В Военном музее бельгийской Бастони прошел организованный Эли Барнави семинар о военном репортаже и том, как он может стать литературным жанром.

Такого мнения придерживался Сартр. И Хемингуэй, который в интервью американской газете РМ в 1941 году называл себя в первую очередь репортером, а не писателем, отмечал, что черпает в своей первой профессии больше, чем в искусстве романа. 

Так не просто считали, а жили Исаак Бабель и Василий Гроссман, великие писатели, произведения которых опираются на опыт репортера с первой линии фронта.

Такая близость двух этих профессий положила начало стольким великим книгам, а те в свою очередь стали источником стольких великих мифов, помогли стольким людям жить и, иногда, умереть… Писатель-корреспондент (прежде всего, я имею в виду Мальро, Малапарте с «Капут», Оруэлла с «Памяти Каталонии») раскрыл столько невиданных ранее для человека перспектив, что сейчас уже просто невозможно не дать этому жанру требуемого и более чем заслуживаемого места.  

В то же время часть меня всегда с недоверием относилась к тому, что делают писатели, когда берут в руки материал под названием воинственная ярость людей.

Это «Чудо войны» Аполлинера.

Это война как феерия, балет, театральное представление, экзальтация которой, по возвращению с фронта, так выводила из себя Жида.

Это восхищенные слова, которые Пруст вкладывает в уста Шарлю, Сен-Лу, а также рассказчика, увидевшего в ночном небе Парижа во время налетов красоту сродни грозе, что врезалась ему в память с детства в Бальбеке.

В «Утренней смене» Монтерлана, «В стальных грозах» Юнгера и «Комедии Шерлеруа» Дрие это дрожь, опьянение и экстаз, как пишет Юнгер, мужчины и воина, когда, наконец, наступает момент великой фаллической карусели рукопашной схватки с врагом.

Это, даже у самых великих, ужасный соблазн придать войне эстетику.

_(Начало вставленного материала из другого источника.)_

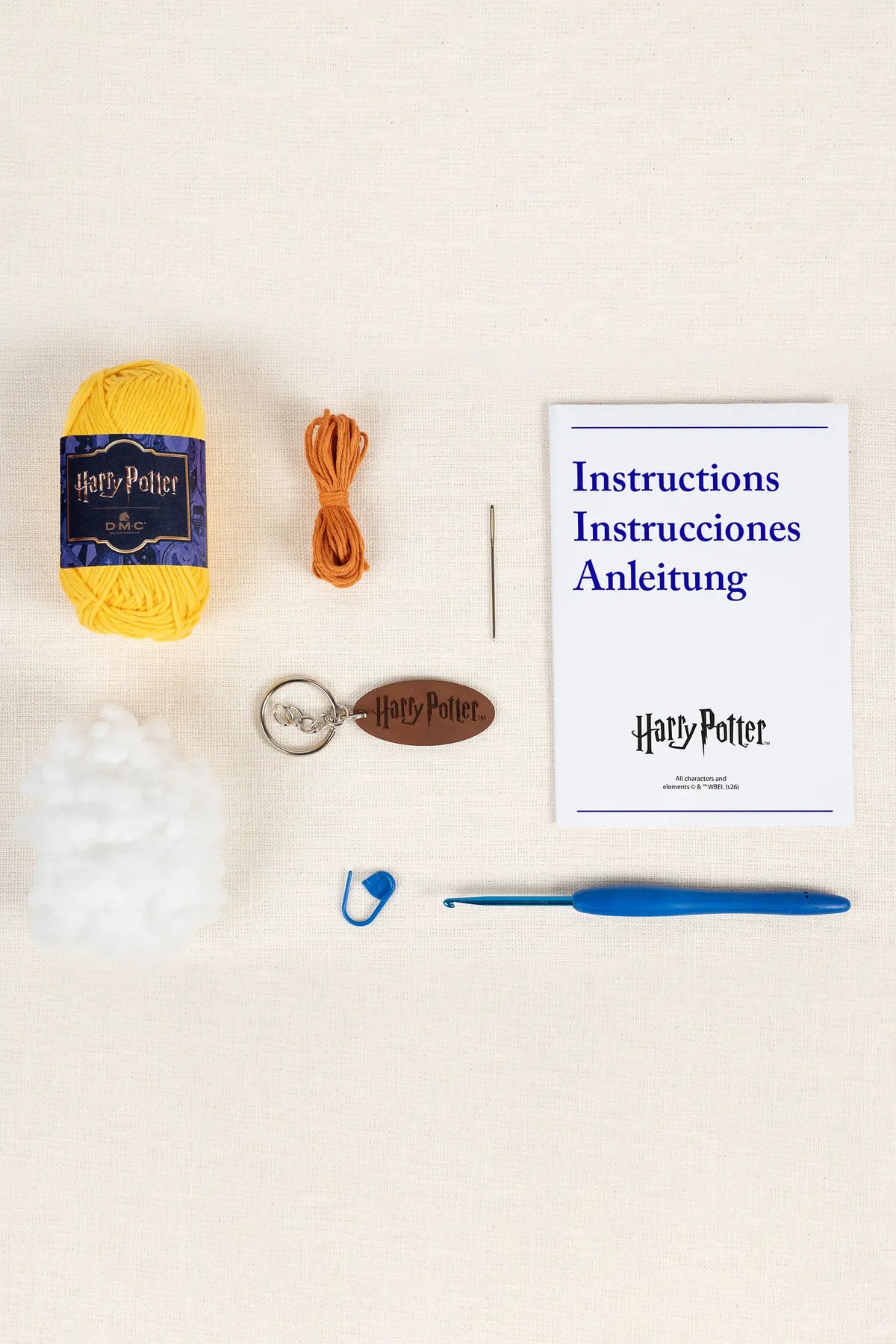 Kit Amigurumi · Llavero Snitch Dorada™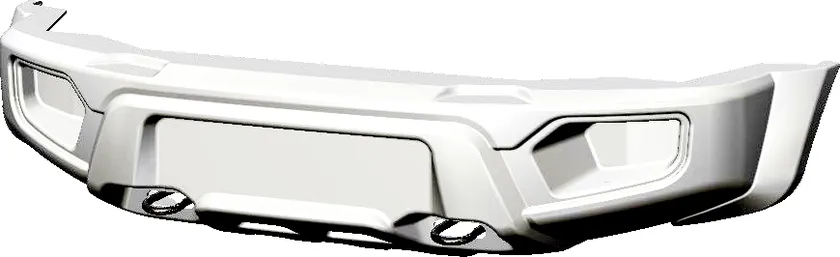 Бампер передний АВС-Дизайн для УАЗ Patriot 2014-2020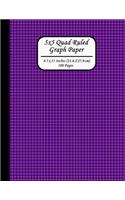 5x5 Quad Ruled Graph Paper. 8.5 X 11 Inches (21.6 X 27.9 CM). 100 Pages: 5x5 Grid Per Inch. Coordinate Paper, Math Graphing, Engineering and Geometry Paper. Squares Graph Paper with Pink Background Cover.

Прогулка по варшавскому гетто в «Капуте». Знаменитое «братство» Мальро, которое игнорирует чувство «спасайся, кто может» и «каждый сам за себя», охватывающее простого человека в водовороте боев. Недостижимо высокое небо перед глазами умирающего князя Андрея Болконского в «Войне и мире». В повести «Народ бессмертен» Гроссмана такие несвойственные ему фразы, как «Велик народ, чьи сыновья умирают свято, просто и сурово на необозримых полях сражения»,  

Наверное, в военной литературе или даже в одной книге, можно выделить две самостоятельных линии.

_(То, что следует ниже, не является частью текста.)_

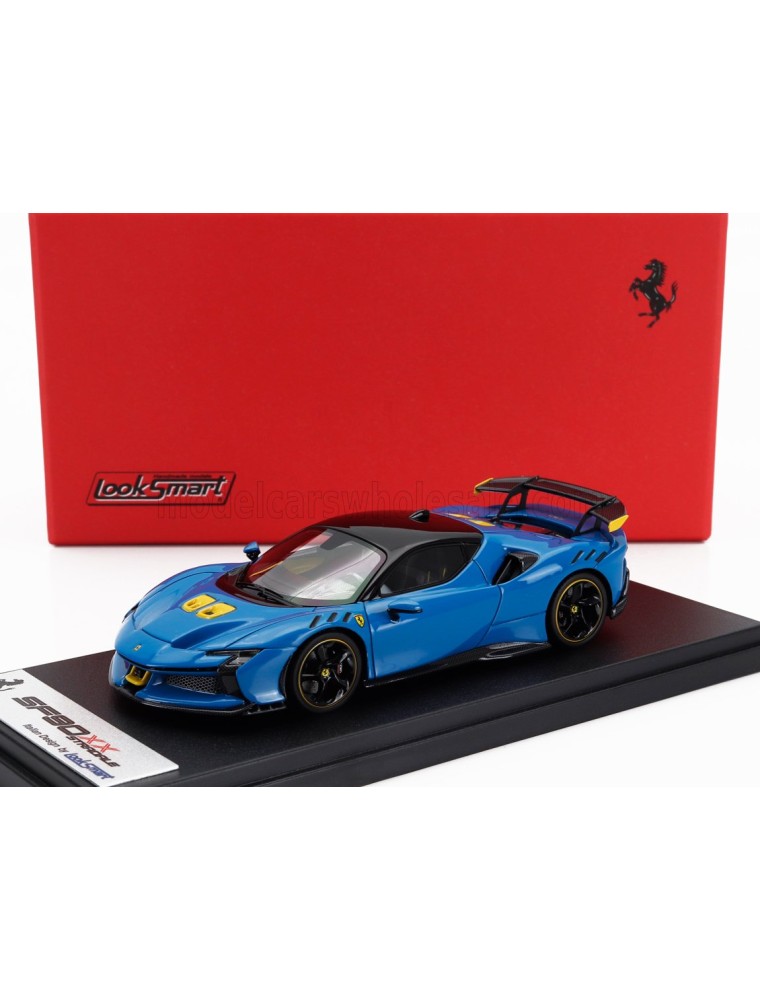 FERRARI - SF90 XX STRADALE 2024 - AZZURRO DINO - LIGHT BLUE BLACK YELLOW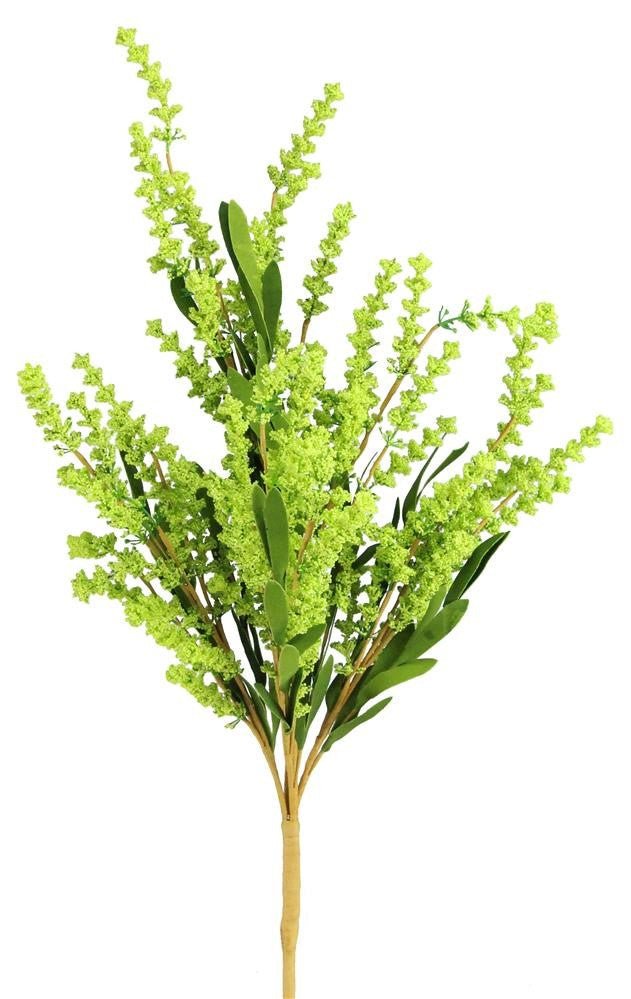 23" Mini Bead/Spike Lavender Bush: Green - FB187009 - The Wreath Shop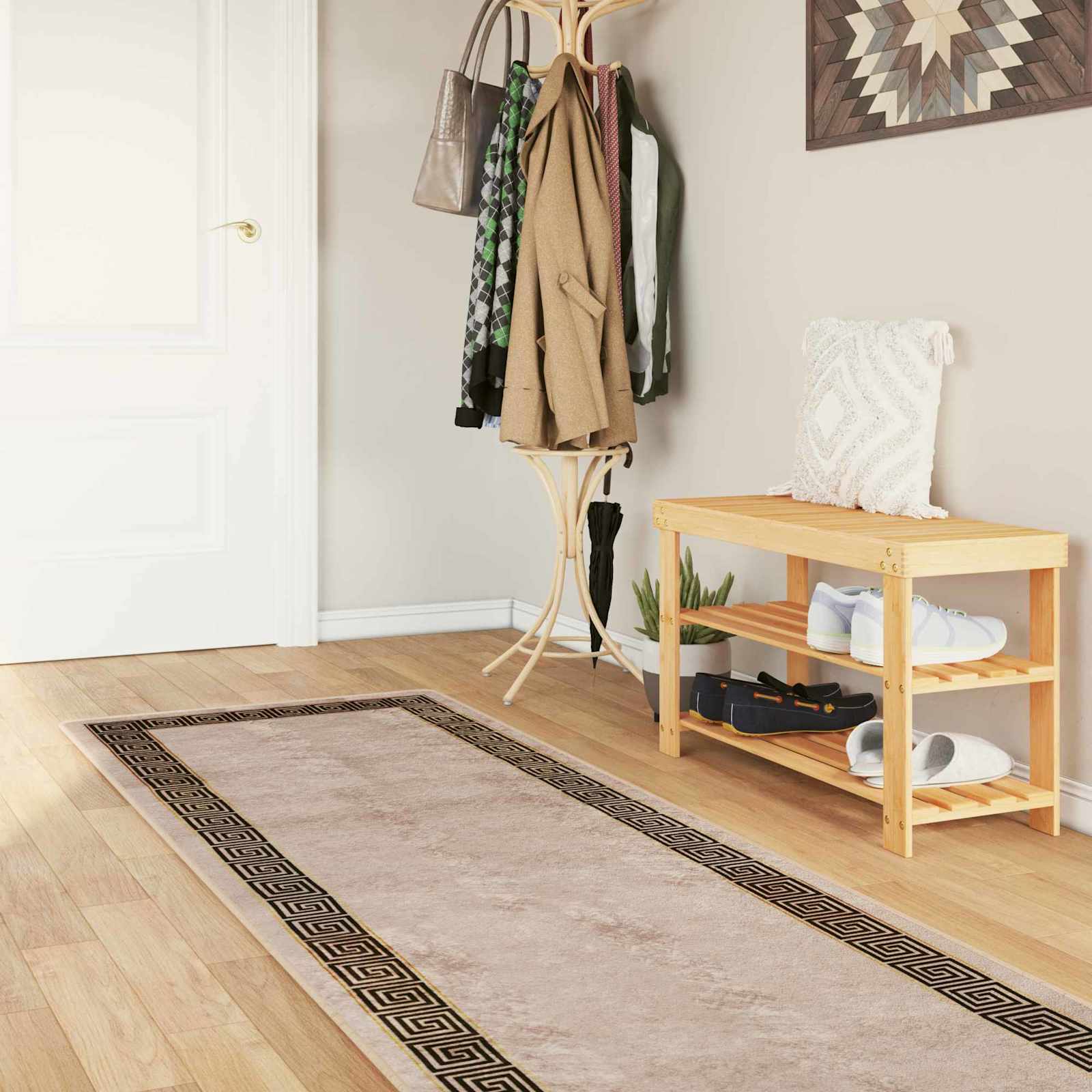 42023343_1.jpg vidaXL Behúň MARSA Čierny 100 x 450 cm Polyester a PVC – Obrázok 1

Первая подслащивает пилюлю и пытается найти красоту в ситуациях, которые, как прекрасно знает каждый настоящий репортер, выставляют лишь мерзость, низость и животные качества охваченного ужасом человека.

Вторая же наоборот смотрит страху в лицо и стремится его показать. «Орешники Альтенбурга» Мальро, насмехаясь на «женоподобными» интеллектуалами, неизбежно наводят на мысль о самых пламенных страницах «Надежды». А восхитительную «Жизнь и судьбу» Гроссмана, как ранее и «Конармию» Бабеля, обвинили в преступлении против надежды, гуманизма и советского реализма.

Быть может, стоит провести черту между литературой, которая придает смысл войне, и той, что открыто называет ее тем, что она из себя представляет: самое безумное из всех человеческих деяний.

С одной стороны, это забытые уже ныне романы, у которых в прошлом был час их мрачной славы. Эта так называемая траншейная литература, которая задавалась вопросом о таинственной стойкости так мало бунтовавших фронтовиков, в итоге положила начало целой мифологии «земли», ставшей одной из движущих сил фашизма.

С другой стороны, если держаться сцены Первой мировой мы видим эти шедевры ясности ума на фоне стад живых мертвецов, которые, опустив голову, слепо бросаются в горнило. Это, разумеется, «Путешествие на край ночи» Селина, «Огонь» Барбюса, «Деревянные кресты» Доржелеса…

И, может быть, еще одну, настоящую линию раздела, нужно провести и между самими войнами.

Теми, большинством из них, где напрасно искались следы человеческого благородства и величия, и чья история неизменно подчиняется сухой и приземленной транскрипции.

И теми более редкими образчиками, в которых, как и в любых антифашистских войнах, свобода сталкивается с подчинением и уничтожением. В них люди иногда возвышаются над самим собой, проявляют настоящее благородство, бескорыстный героизм. О таких моментах не просто можно, а нужно говорить. И именно так выглядят лучшие страницы «Надежды».

Эти справедливые войны так же бесчеловечны, как и все остальные, однако в них хотя бы существует тонкий мостик к величию, достойному пера писателей и только их.